Im new to all this - how do I load workflows? Im not sure what to start reading to figure this out
There are thousands of videos on YouTube, that's how I learned.
Also saying please and thank you might help you ;)
@skpManiac While I believe in being polite - that answer will not get a "thank you" lol - I did a google search and had a hard time. I ended up figuring it out on my own.
Is v2.3 needed because there was an issue with APEX in v2.2? Can I self-fix this issue in v2.2 or how should I check?
It's only a fix for using PuLID workflow and yes you can just fix the 2.2 by fixing the built-in apex installation
RTX 5090 gives various errors...
I started a new topic so I can keep track of what I try to fix it ;) I know you're aware of the issue (as seen on other posts)I tried to fix it by firstly changing the security level, then running this PIP (which I use to fix Forge, so thought it may work)

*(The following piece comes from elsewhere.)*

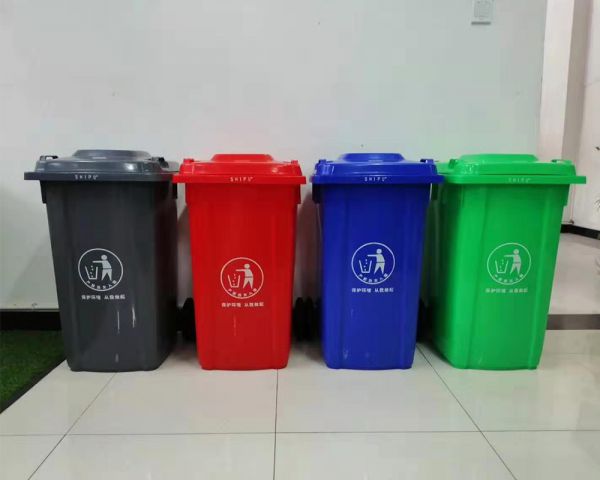 小区垃圾桶（可定制）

torch torchvision torchaudio --extra-index-url https://download.pytorch.org/whl/test/cu128 --force-reinstall
I can make videos if I run the sageattention.bat but I am totally unable to upscale. I've re-installed teacahce etc, but still get this error:
CUDA kernel errors might be asynchronously reported at some other API call, so the stacktrace below might be incorrect.
For debugging consider passing CUDA_LAUNCH_BLOCKING=1
Compile with TORCH_USE_CUDA_DSA to enable device-side assertions.
, using pytorch attention instead.
If it helps, you can have remote access to my PC for a few hours after next week. :)
I checked your auto installer. Have to test more, but for starters comfyui manager button didn't show up even though the folder was in the custom nodes, so i had to reinstall it. In any case, amazing job here, this worked great and should be a must for comfyui newcomers.
EDIT: Let me add, this tool is mindblowing. Not only does it install everything that you need, but also comes preloaded with some absolutely mindblowing workflows for WAN and FLUX, something that i wasn't expecting. If you're new to comfyui or your installation is a mess with errors or other issues, make yourself a favour and make a clean install with this tool, you won't regret it.